Seems to me that I can safely ignore them, but feel free to tell if this is not the case.

Thank you and support for your help in trying to figure out the issue was due to a necessary hardware upgrade.

I didn't know kernel choice could be an issue, and at this point I reiterate my interest in knowing your experience with linux kernels and if you know of older compatible kernels or if you previously had discovered which options can configure it for optimal use beside the "> 5. Fully Preemptible Kernel (RT) (PREEMPT_RT_FULL) (NEW)".

It could be beneficial to understand/test which kernels actually work since, apart from the default one from your instructions, users are presented with a rather wide choice of preemptible kernels on the website, and nothing is currently stopping them from choosing another one and not having a working build afterwards. Your "We recommend choosing the version closest to the one you currently use." might actually be misleading.

I'd edit installation.rst:

First, install the necessary dependencies:

apt-get install build-essential bc curl ca-certificates fakeroot gnupg2 libssl-dev lsb-release

to

apt-get install build-essential bc curl ca-certificates fakeroot gnupg2 libssl-dev lsb-release bison flex

since bison and flex were always needed when building the kernel in my experience.
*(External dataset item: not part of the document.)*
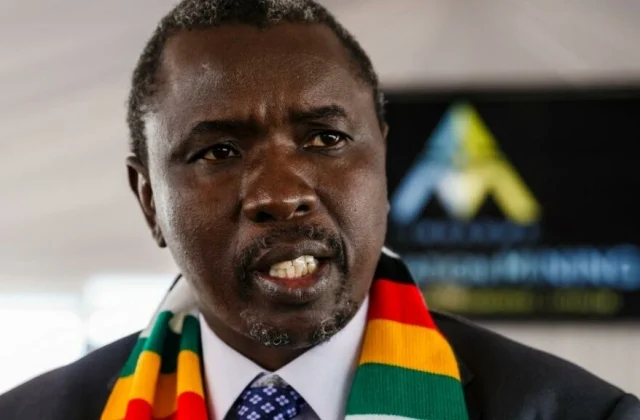 Two African personalities condemned by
I'd add a disclaimer about the choice of the kernel or list the kernels actually tested to be compatible, right under this dependencies section.
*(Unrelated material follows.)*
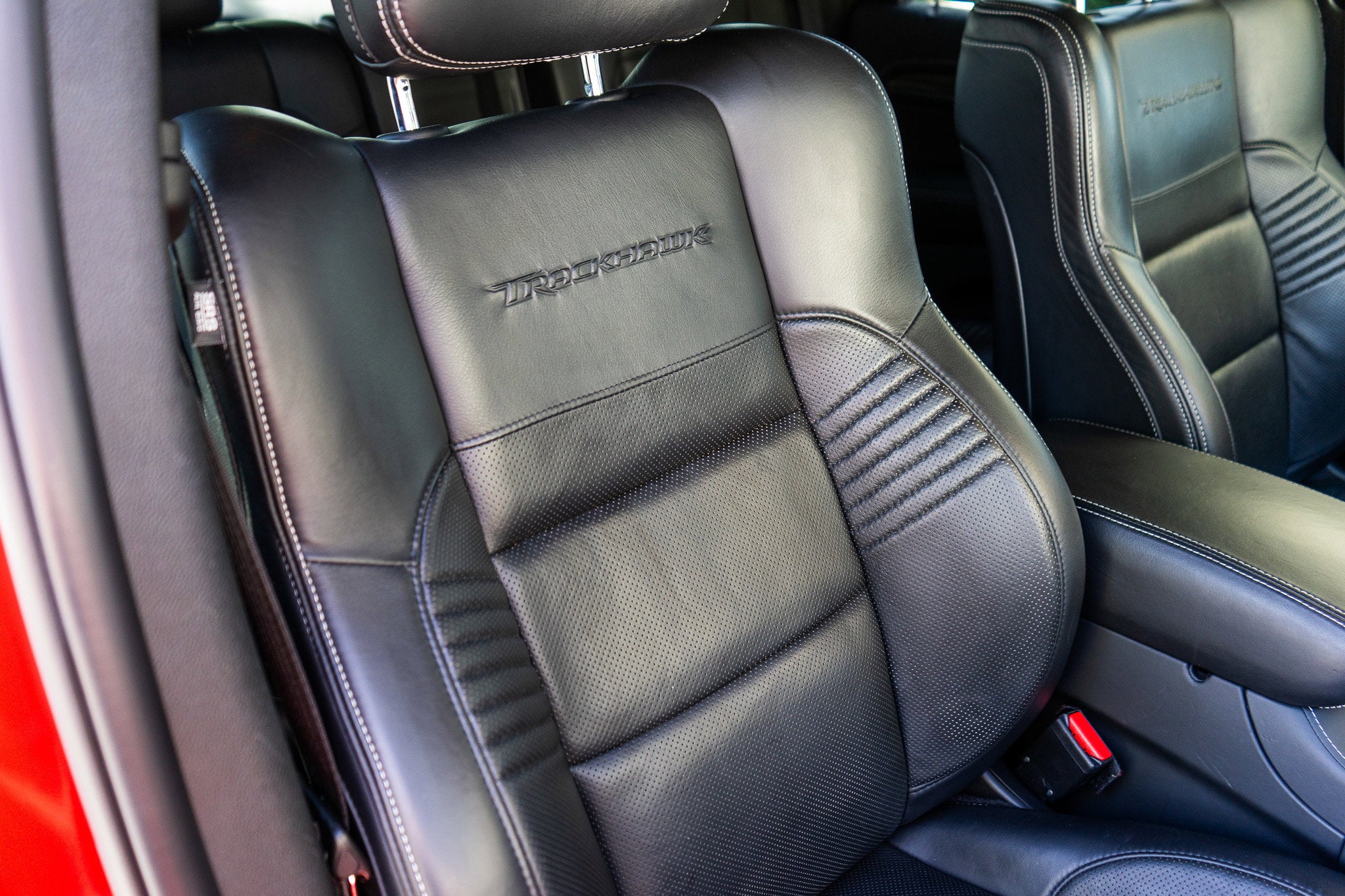 2018 Jeep Grand Cherokee Trackhawk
Moreover franka_example_controllers (or franka_control) should have an exec_depend for pyassimp, ros-kinetic-ros-controllers, ros-kinetic-ros-control and maybe ros-kinetic-moveit-commander so that both with apt-get install franka_ros and via rosdep after installing franka_ros from source, the package works out of the box. The thing with pyassimp is, theoretically ros-kinetic-panda-moveit-config already depends (both in apt and in package.xml) on ros-kinetic-moveit-commander so pyassimp should already be there...except it wasn't.

gavanderhoorn commented 6 years ago

@aPonza wrote:

Moreover franka_example_controllers (or franka_control) should have an exec_depend for pyassimp, ros-kinetic-ros-controllers, ros-kinetic-ros-control

Actually, ros-kinetic-ros-controllers and ros-kinetic-ros-control are metapackages, and those should not be used for dependency declaration (as you'll depend only transitivily on the pkgs that you actually need, and if the metapackage ever changes, your dependency declaration will be broken).

aPonza commented 6 years ago

To update the thread with the (pretty unscientific) testing I have done:

I think I will use 4.8, as it's a significant enough improvement over 4.16 with respect to the consistency of high averages and mins.

Apart from the minor edits I suggested in the very end of my last comment, this can be closed.